All the Illusion products (not just crossovers), from all lines including the entry level line were measured, tested, and listened to "in car" and not on display boards etc. I hope this clarifies your comment.


----------



## DS-21 (Apr 16, 2005)

12Volt said:


> All the Illusion products (not just crossovers), from all lines including the entry level line were measured, tested, and listened to "in car" and not on display boards etc. I hope this clarifies your comment.


Clarifies? Silly marketing BS does not tend to clarify anything, generally speaking. 

In fact, your post merely adds more confusion: namely, in _what_ car, mounted _where?_ 

Unless you mean to tell us that you think a crossover designed for, say, a door-mounted woofer and pillar-mounted tweeter is equally valid for a kickpanel mounted mid+tweeter (leaving aside the general utility of kp's), or a door mounted woofer and dash mounted tweeter, or a kick-mounted woofer and dash mounted tweeter, or the woofer and tweeter together in a door pod, etc. Not to mention in a car with a relatively upright windshield vs. one that is sloping, with one that has a flat doorpanel vs. one with a highly sculpted one, one in which the driver is supposed to sit more or less upright and on top of the dash vs. one where the driver is supposed to be further from the dash, etc. If that is your intention, then I must simply assume that you are deaf and move on.

To reiterate, for a passive crossover to be worth a damn it must be designed for *specific mounting locations* in a *specific vehicle.*

_Anything_ less is worth no more or less than the value of its parts as scrap.

(With the exception of a simple crossover on a coax, because the spatial relationship between mid and tweeter on a coax is fixed. In a component set, one doesn't even know whether to measure the center-to-center spacing in inches or in feet!)


----------



## 12Volt (Oct 9, 2009)

When designing a set of crossovers, we will have many customers with many different vehicles. We can only have 1 crossover. (I would love to be able to supply 3 different ones but thats not possible) and it needs to sound good in many different positions. Of course some positions will work better than others. Thats just the way it goes. We can only recommend to the customer where he should try and mount the tweeter for best results and if that doesnt work for that car then the 2nd option would be.. and 3rd option would be.. etc. For the more advanced customers they will probably have an eq to fine tune.
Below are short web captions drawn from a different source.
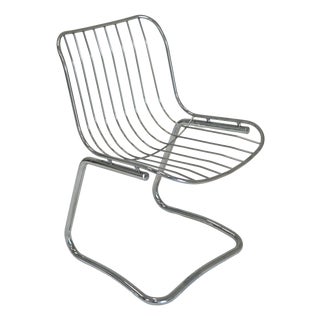 Mid-Century Modern Tubular Chrome Cantilever Dining Chair by Gastone Rinaldi for Rima, 1970s For Sale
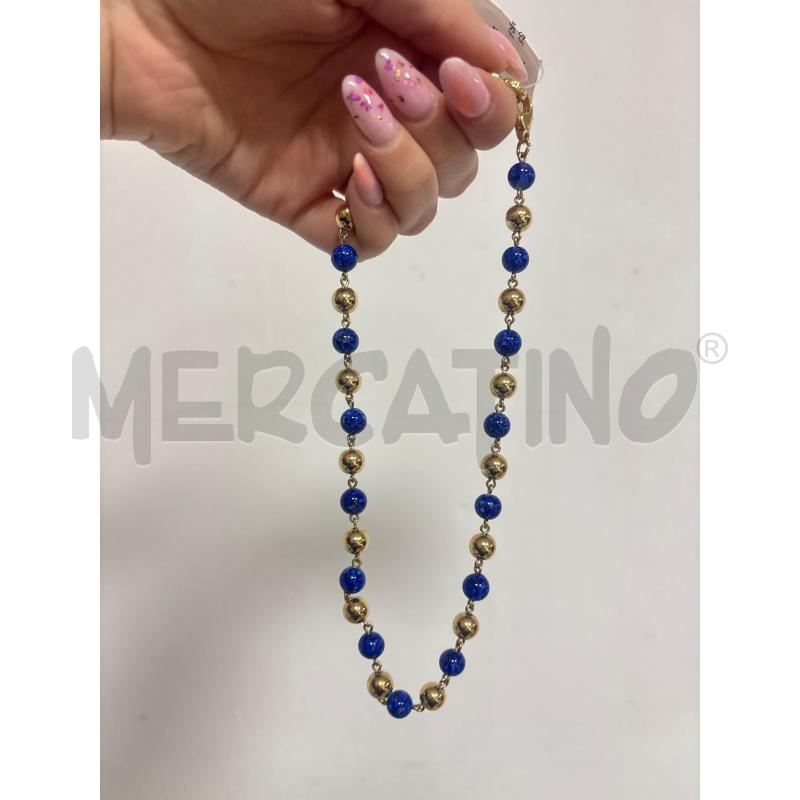 COLLANA  AGHATA DORATO E BLU  | Mercatino dell'Usato Trapani corso mattarella 3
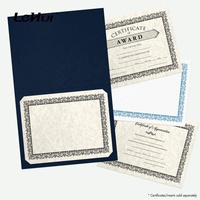 Porte-diplôme de graduation Lehuipp, 30 pièces/boîte, bleu marine en lin avec feuille d'or, taille 9 1/2 x 12, porte-certificats en papier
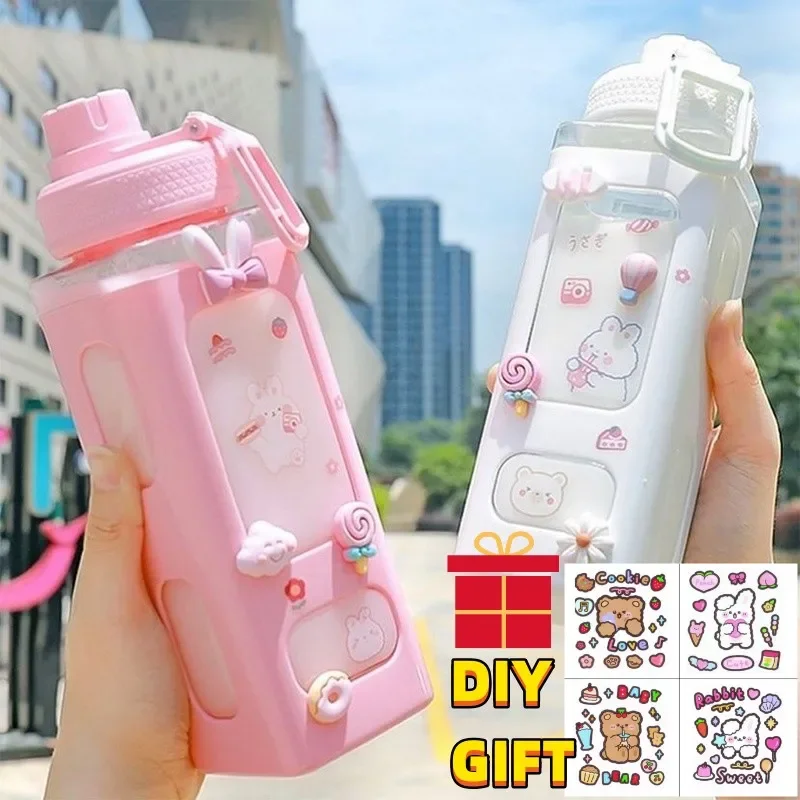 700ml Cute Water Bottle for Girls with Lid Straw Sticker Plastic Juice Milk Portable Kawaii Tumbler Children's Drinkware DIY Gif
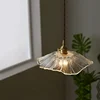 Nordic Simple Japanese Retro Restaurant lights Entrance Balcony Bay Window Aisle Lotus Leaf Shape All-copper Glass Chandeliers 3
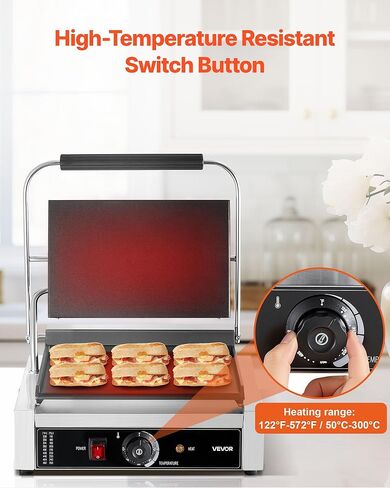 VEVOR Commercial Panini Grill, 1800W Electric Sandwich Panini Maker, Stainless Steel Sandwichs Press Grill with Handle and Temp Control, 13.5x9.3 in Full Flat Enamel Plate, for Hamburger Steak Bacon in Saudi Arabia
If you, for an example, can't get the sound you want, using our crossover in the position your forced to mount the drivers in your vehicle, then don't use it and simple go active. Those are the options. You may just not like using passive crossovers period. I met an installer that never use any passive crossovers and thats fine too. If the customer is willing to run a good processor and has many channels to spare then why not. I do understand what your saying. 
Take it easy,


----------



## DS-21 (Apr 16, 2005)

12Volt said:


> When designing a set of crossovers, we will have many customers with many different vehicles. We can only have 1 crossover.


That's not strictly-speaking true. You can have _none_ as well.

The honest position would be to simply say "we can't offer you a passive crossover that will make our drivers sound their best in your vehicle, because there are too many variables involved and we're committed to not offering you a hacked-together kludge and calling it a solution. So we recommend you go active or find someone who can take measurements of our drivers in your vehicle and make a passive crossover for you."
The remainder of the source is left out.